Literary mapping and analysis of the events in Bram Stoker’s Dracula.
Dracula is an exciting and tense gothic novel filled with horror that caught the imagination of Victorian readers and has become a classic that is still widely read. For the concept, the posters are composed identical, with the main Sankey diagram in the centre. The first poster includes all the events from the beginning of the novel to the end of chapter 14, where there is a shift between the supernatural and scientific.
The second poster covers all the events from chapter 15 to the end of the novel, where the group of humans kill Dracula and try to put all the events behind them. Together they show an overview of who's perspective we read during specific events of the novel.
This poster introduces the reader to Dracula and the main themes and ideas surrounding it. In the top-left corner, there is a small overview of Dracula as a character and the novel. The top-right includes the map of Europe in 1890 to help the reader visualize each character's movement.

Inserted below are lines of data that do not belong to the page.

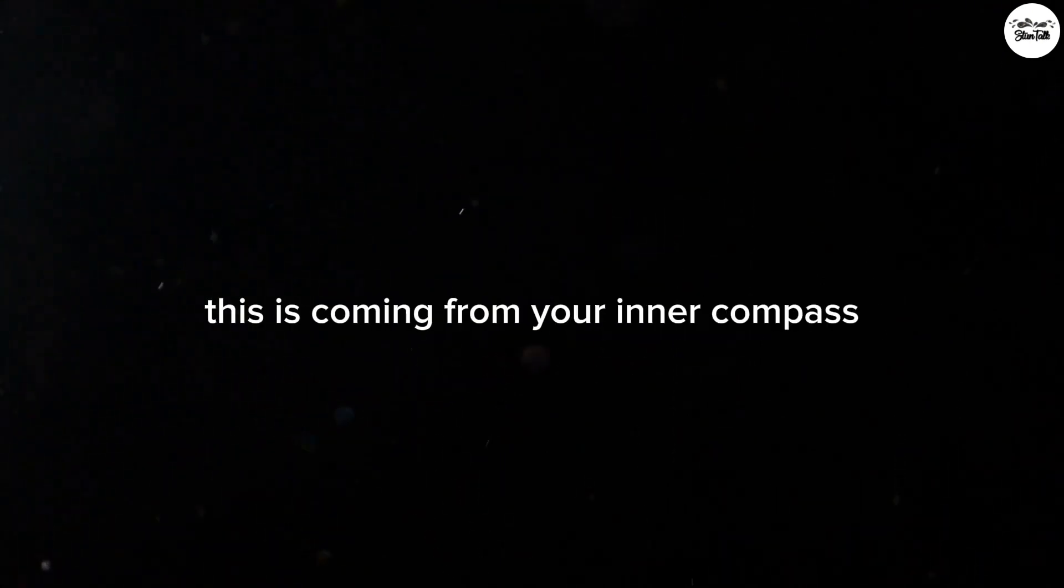It's almost as if you got very clear about what it is that you want your life to be like, how it is that you want your love to be, how you want to feel. This is coming from your inner compass, your emotions, how it is that you want to feel.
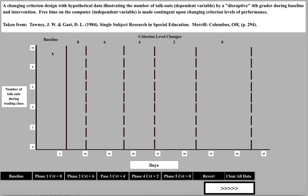The researcher has set criterion levels before the research begins: phase one requires reducing talkouts to around 8, phase two around 6, phase three around 4, phase four around 2, and finally zero. Looking at the hypothetical data: the baseline shows values of 9, 10, 8, 9 — stabilized with a mean of about 9. In phase one, the criterion is set at 8, and the student reduces to an average of about 8. The data stabilizes, so it's appropriate to move to phase two.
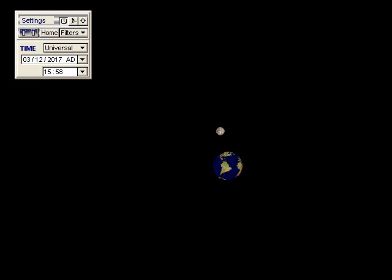So here comes the Moon again. Notice that it orbits too high. So which means during this full Moon here, we don't have a lunar eclipse. And two weeks later, notice that during this new Moon, we don't have a solar eclipse.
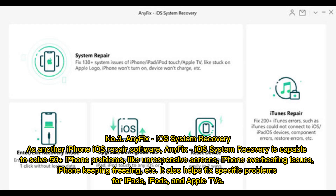Number 3: AnyFix iOS System Recovery. As another iPhone iOS repair software, AnyFix iOS System Recovery is capable of solving 50-plus iPhone problems, like unresponsive screens, iPhone overheating issues, and iPhone keeping freezing, etc. It also helps fix specific problems for iPads, iPods, and Apple TVs.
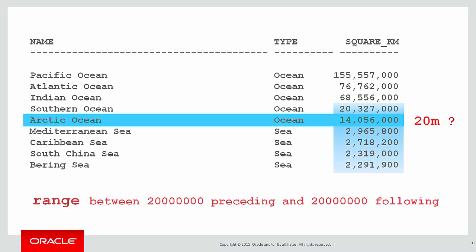To do that, we use the range keyword. And that's how we would do the following in an analytic. We would say the range is between 20 million preceding and 20 million following. Obviously we can choose whatever values we want. The keyword there being it's no longer rows, it is range.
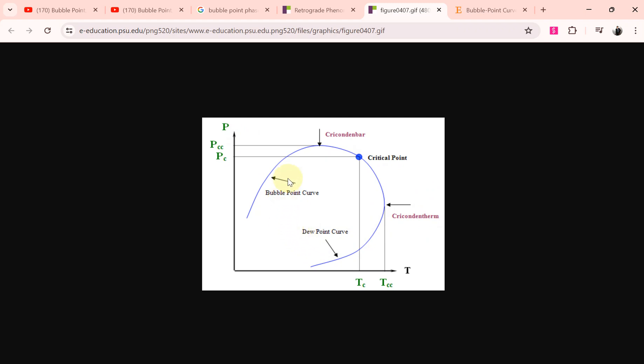The meaning or definition of bubble point is the pressure at a certain temperature at which the first bubbles of vapor start to appear. So for example, if we take this temperature as a constant temperature and go along this vertical line...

The main diagram includes a Sankey which shows the characters and their descriptions in the centre, and both ends leading to a date that they wrote on. At one end of each entry is the location of the character, and other ends lead to the method of writing and important quotes.
This poster is a continuation of the first, with the Sankey diagram picking up right where the first ended. The Sankey follows the same conventions of the previous one, showing characters in the middle and dates at either end. While this section is shorter, there are more entries written between September 26 and October 6, so each date is shown separately.
The poster includes two additional infographics. The bloodline shows a timeline of Dracula and his victims. Although there is no clear data before the events of the novel, it's known that Dracula has three "brides," who are people he turned into vampires. The second timeline along the right side shows popular vampire films that have been created after Dracula – with more films created as you get closer to present-day.